5 de abril de 2011

Peur.

Cuando vas paseando por la calle, tranquilamente, y casi todas las caras te resultan familiares o les dedicas una sonrisa, probablemente le estés dando envidia a muchos de los que te conocen. Todo el mundo te sonríe y te dice: "Jo, es que eres una relaciones públicas, ¡así cualquiera! ¡Qué suerte!"
A todos ellos, a todos ellos les cambiaría millones de "amigos" con tal de no perder aquello que más quiero.
La palabra amigos es una palabra que, para que no pierda su verdadera esencia, tiene que crecer muy lentamente y grabarse a fuego en el corazón y en la cabeza. Amigos son aquellos a los que, por más que intentes mentirles, deducen la verdad en tu mirada. Aquellos a los que no hace falta que les pidas ayuda porque antes de que la necesites ya te la han ofrecido, los que están siempre, los que nunca te dejan de lado, los que buscan cualquier excusa barata para sacarte la mejor sonrisa. Amigos son pocos, muy pocos. Y, precisamente por eso, no debería ser muy complicado conservarlos.

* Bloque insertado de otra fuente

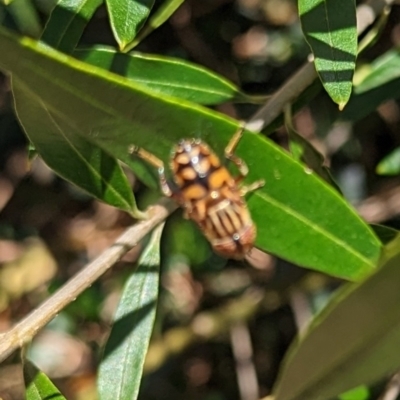 Eristalinus (genus) (A Hover Fly) at Phillip, ACT - 28 Nov 2022 by stofbrew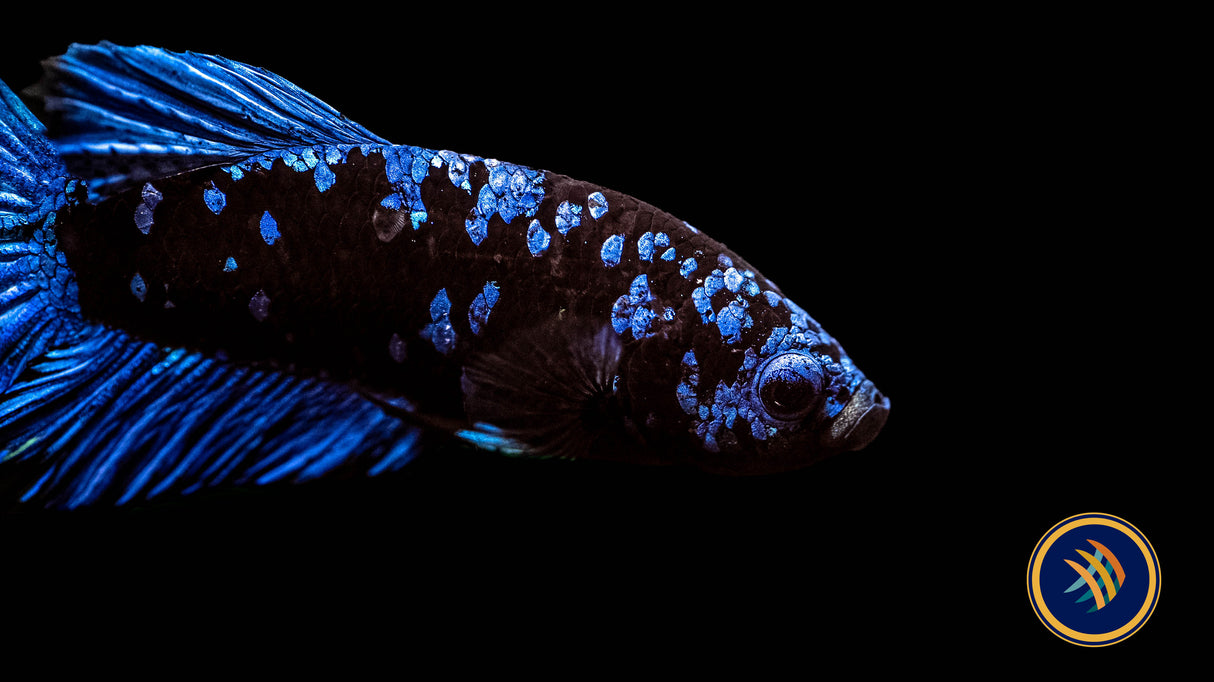 Betta Avatar Nebula Male HMPK | Bettas | Largest Tropical Fish Selection at Your Local Fish Store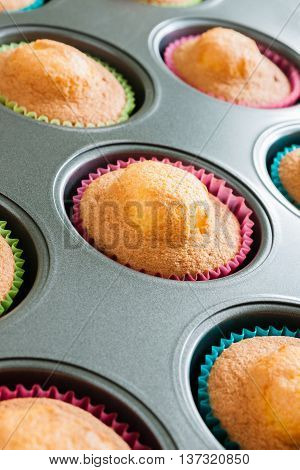 Fresh baked sponge cupcakes or fairy cakes in a muffin tin straight from the oven
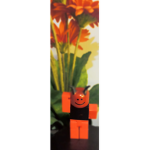 ROBUX MEMBERS ONLY
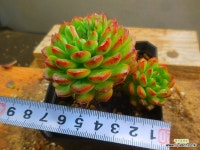 레드탑 7/17-707 : 다육식물 - 엑스플랜트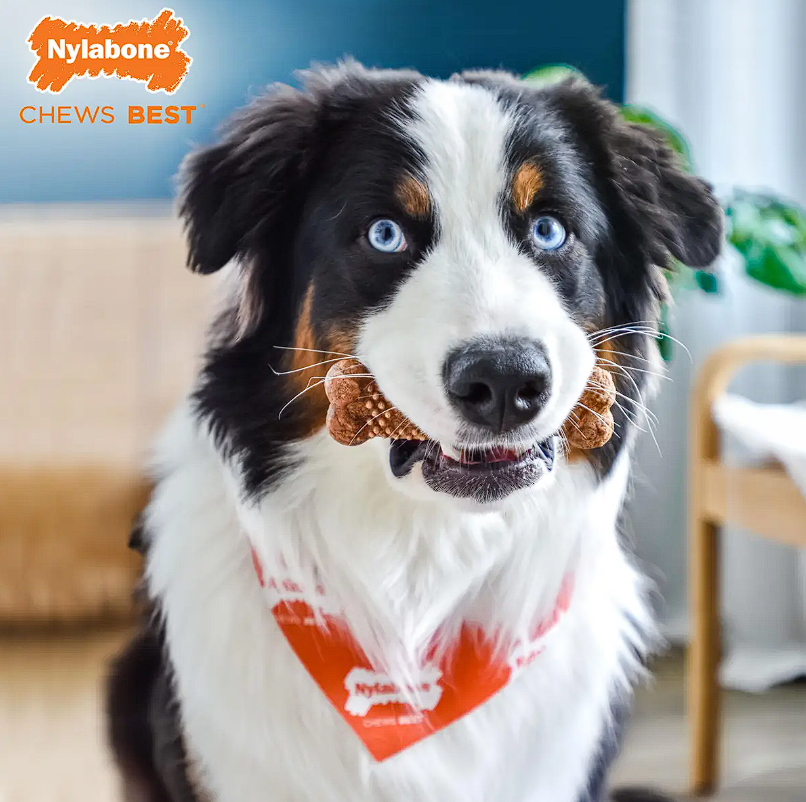 NYLANOBE HEALTHY EDIBLES MEATY CENTER BEEF - 2 Medium Chews (104gr)3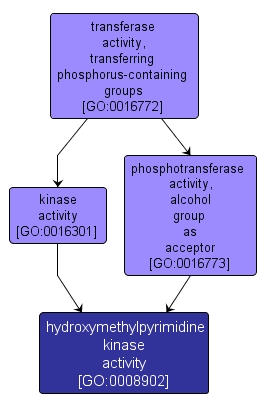 GO:0008902 - hydroxymethylpyrimidine kinase activity (interactive image map)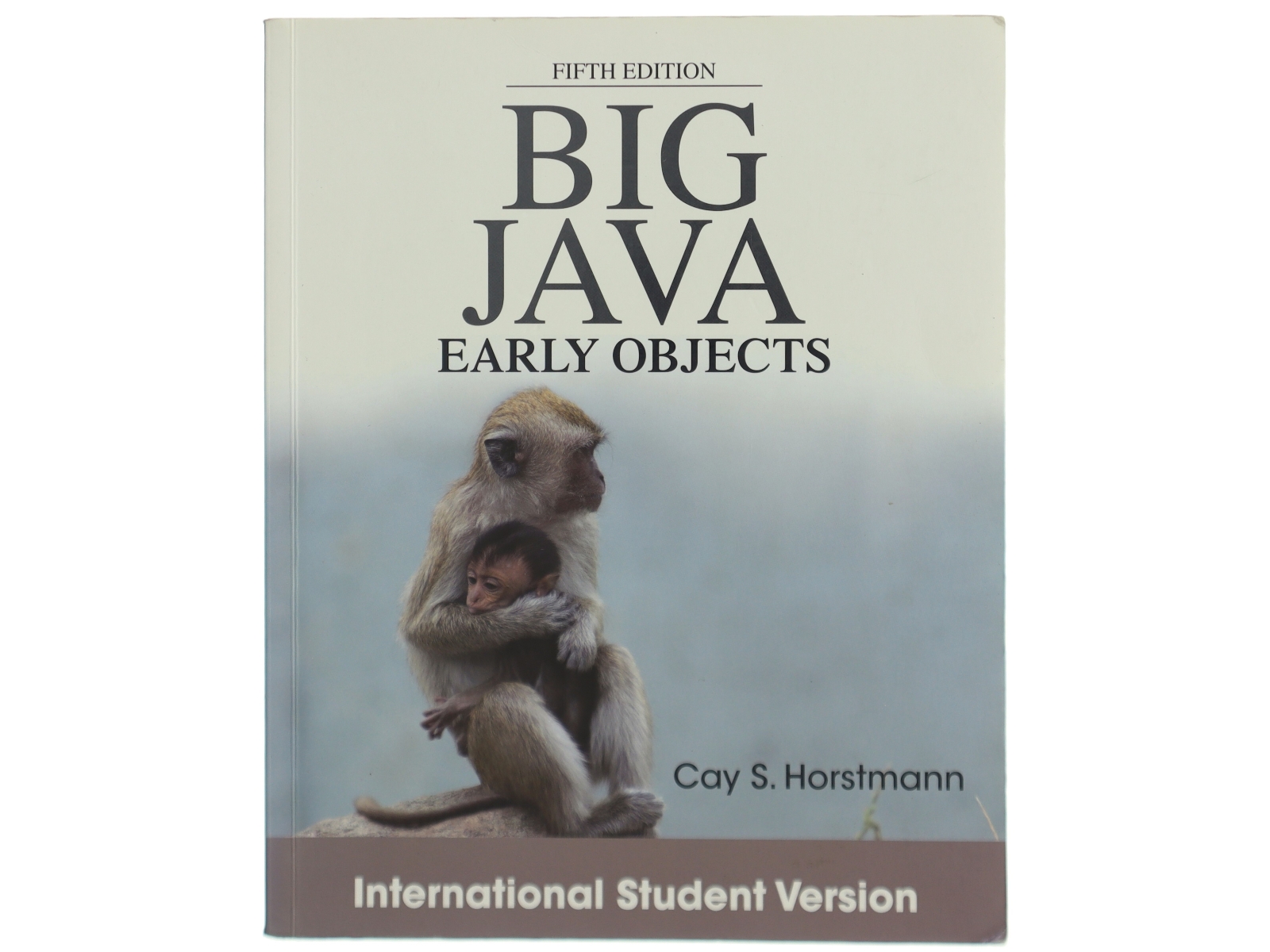 Big Java : Early objects af Cay S. Horstmann (Bog)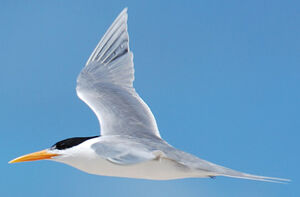 Lesser Crested Tern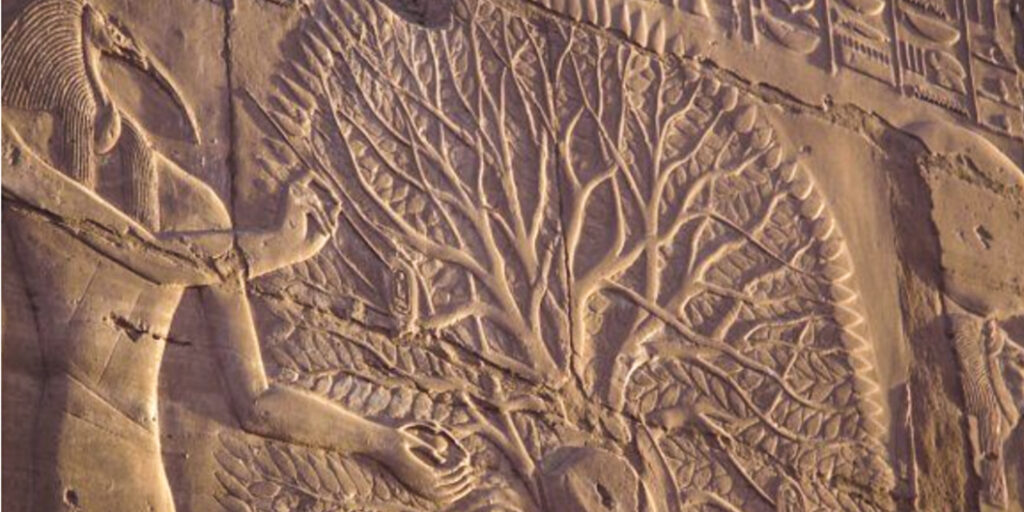 Ancient Acacia Artifacts
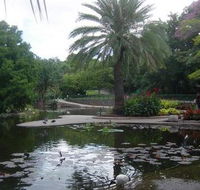 Brisbane City Botanic Gardens - Accommodation QLD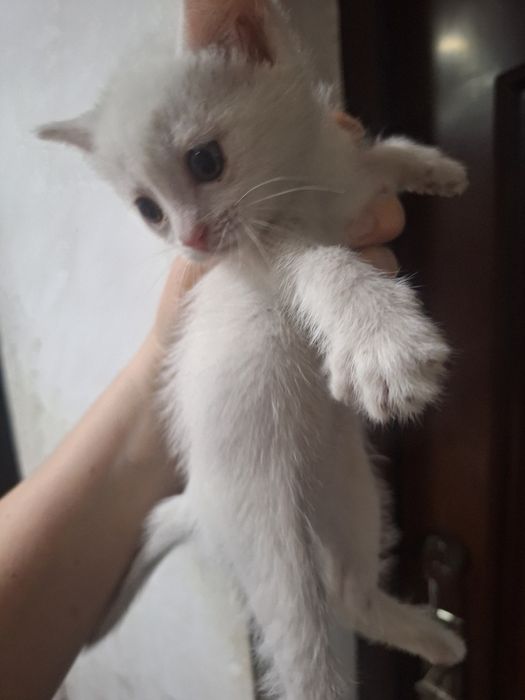 Отдам в хорошие руки котят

Pues bien, parece que se me ha invertido el mecanismo de conservación. Parece que se me escapan de las manos las mejores oportunidades con las mejores personas que he conocido en toda mi vida. Pero no estoy dispuesta a permitirlo, no es tan sencillo echarlo todo por la borda y merece la pena luchar.
Quiero contarle a mis nietos historias locas con mis amigas y amigos de toda la vida, que se las cuenten ellos mismos porque nunca van a separarse realmente de mi. Porque los tengo grabados a fuego lento, muy lento.
Tan lento, que espero poder alcanzarlos si alguna vez deciden irse.